Präsident Mag. Wolfgang Erlitz: Zu Wort gemeldet hat sich Herr Bundesrat Sodl. Ich erteile es ihm.

 


13.13.32

Bundesrat Wolfgang Sodl (SPÖ, Burgenland): Sehr geehrter Herr Präsident! Frau Staatssekretärin! Geschätzte Kolleginnen! Sehr geschätzte Kollegen! Die zunehmende Verschuldung der privaten Haushalte nimmt in unserem Land, wie wir heute von den Vorrednern schon gehört haben, immer mehr zu und ist eine traurige Tatsache. (Bundesrat Mag. Himmer: Es hätte sich auch gehört, die Frau Minister zu begrüßen!) Oh, Entschuldigung! Da möchte ich mich entschuldigen. Frau Minister, Entschuldigung vielmals! (Zwischenbemerkung von Bundesministerin Dr. Berger.– Entschuldigung!

Wir haben von Kollegen auch gehört, dass wir als Kommunalpolitiker die Problematik kennen und dass wir in unseren Kommunen und in unserer Region immer wieder mit der Tatsache in Konfrontation kommen, dass immer mehr Menschen in die Schul­denfalle tappen. Die Ursachen für die finanziellen Schwierigkeiten sind vielfältig. Sowohl der Hausbau als auch Wohnraumbeschaffung, Arbeitslosigkeit und Einkom­mens­verschlechterungen werden oft genannt. Weitere Ursachen sind Bürgschaften, der Tod des Partners, die Trennung oder auch die Scheidung und vor allem auch jugendlicher Leichtsinn und falsches Konsumverhalten.

Die Statistik beweist, dass immer mehr junge Menschen in die Schuldenfalle tappen. An der obersten Stelle – das haben wir auch schon gehört – steht das Handy, gefolgt von Ausgaben für die Beschaffung und Erhaltung von Autos sowie Elektronikwaren und auch Internetkosten. Sehr oft werden das Versandhaus und Internetshopping mit ihren scheinbar günstigen Teilzahlungsbedingungen in Anspruch genommen, doch der Ratenkauf wird in Wirklichkeit immer wesentlich teurer. Bis zu 20 Prozent Zinsen sind daher keine Seltenheit.
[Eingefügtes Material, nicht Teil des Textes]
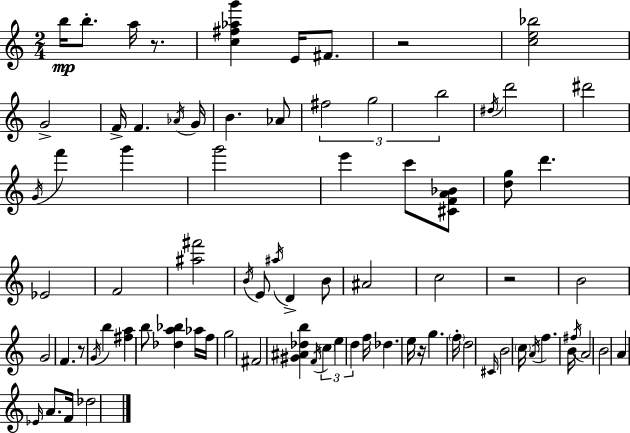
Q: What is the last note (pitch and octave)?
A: Db5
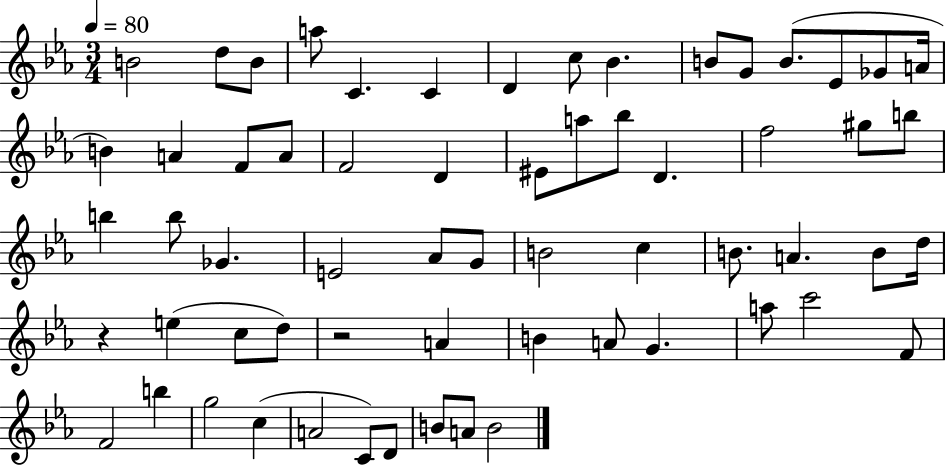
B4/h D5/e B4/e A5/e C4/q. C4/q D4/q C5/e Bb4/q. B4/e G4/e B4/e. Eb4/e Gb4/e A4/s B4/q A4/q F4/e A4/e F4/h D4/q EIS4/e A5/e Bb5/e D4/q. F5/h G#5/e B5/e B5/q B5/e Gb4/q. E4/h Ab4/e G4/e B4/h C5/q B4/e. A4/q. B4/e D5/s R/q E5/q C5/e D5/e R/h A4/q B4/q A4/e G4/q. A5/e C6/h F4/e F4/h B5/q G5/h C5/q A4/h C4/e D4/e B4/e A4/e B4/h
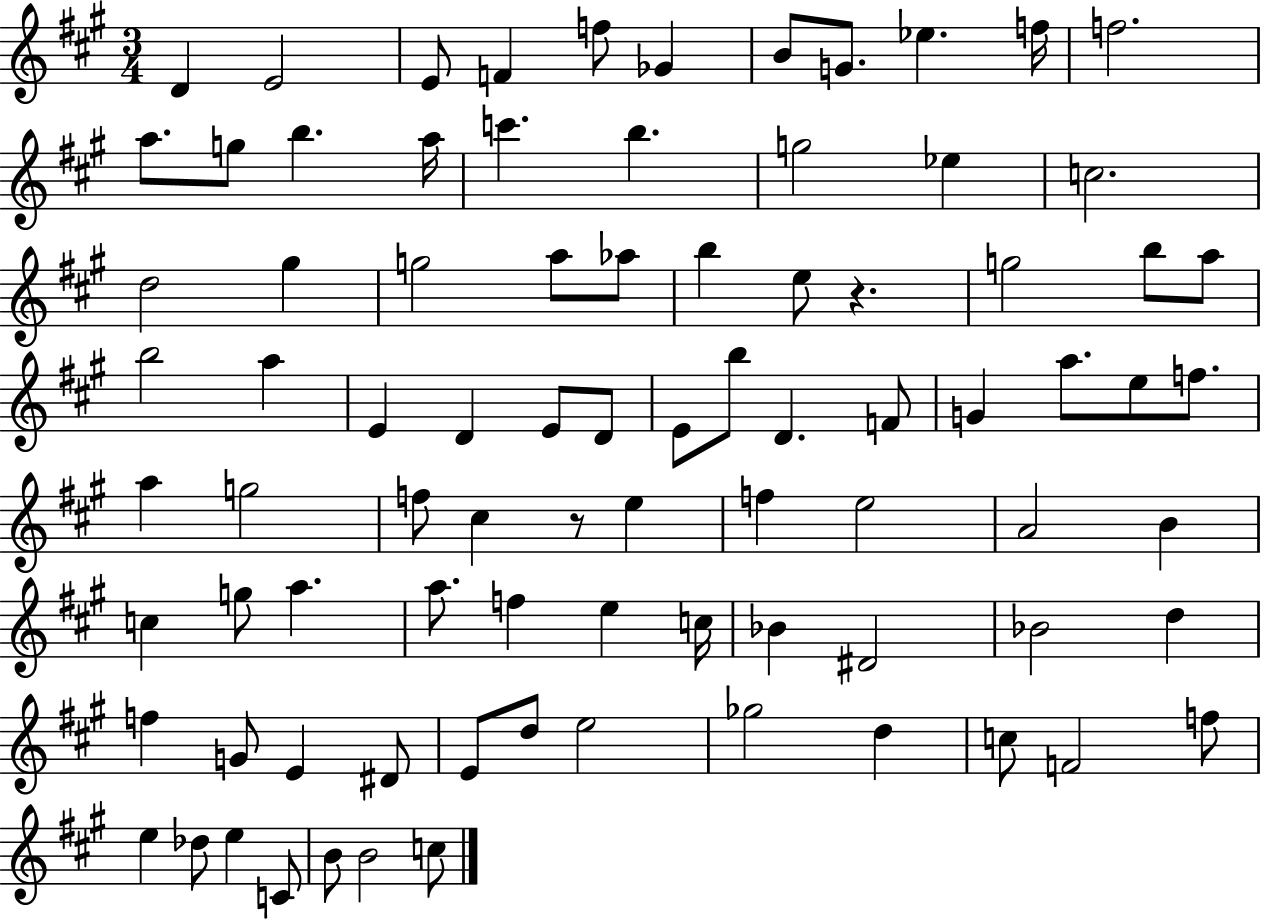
{
  \clef treble
  \numericTimeSignature
  \time 3/4
  \key a \major
  d'4 e'2 | e'8 f'4 f''8 ges'4 | b'8 g'8. ees''4. f''16 | f''2. | \break a''8. g''8 b''4. a''16 | c'''4. b''4. | g''2 ees''4 | c''2. | \break d''2 gis''4 | g''2 a''8 aes''8 | b''4 e''8 r4. | g''2 b''8 a''8 | \break b''2 a''4 | e'4 d'4 e'8 d'8 | e'8 b''8 d'4. f'8 | g'4 a''8. e''8 f''8. | \break a''4 g''2 | f''8 cis''4 r8 e''4 | f''4 e''2 | a'2 b'4 | \break c''4 g''8 a''4. | a''8. f''4 e''4 c''16 | bes'4 dis'2 | bes'2 d''4 | \break f''4 g'8 e'4 dis'8 | e'8 d''8 e''2 | ges''2 d''4 | c''8 f'2 f''8 | \break e''4 des''8 e''4 c'8 | b'8 b'2 c''8 | \bar "|."
}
Die WHO definiert Armut anhand des Verhältnisses des individuellen Einkommens zum Durchschnittseinkommen im Heimatland einer Person. Danach ist arm, wer monatlich weniger als die Hälfte des aus der Einkommensverteilung seines Landes berechneten Zentralwertes zur Verfügung hat. Das heißt aber auch, dass Armut in armen Ländern anders zu definieren ist als in reichen Ländern.

Wir stellen uns die Frage: Gibt es Armut in unserem Land? – Bis vor einigen Jahren hatte man das Gefühl, Armut wäre weit weg, wäre nur ein Problem der Länder der Dritten Welt, abgesehen von einigen gestrandeten Existenzen, die irgendwo in der Großstadt leben. Dass sich Armut, neue Armut schleichend auch bei uns immer mehr ausbreitet, haben wir beinahe übersehen. Armut ist oft auch dort, wo sie gar nicht vermutet wird. Sie wird versteckt, es wird versucht, den Schein zu wahren.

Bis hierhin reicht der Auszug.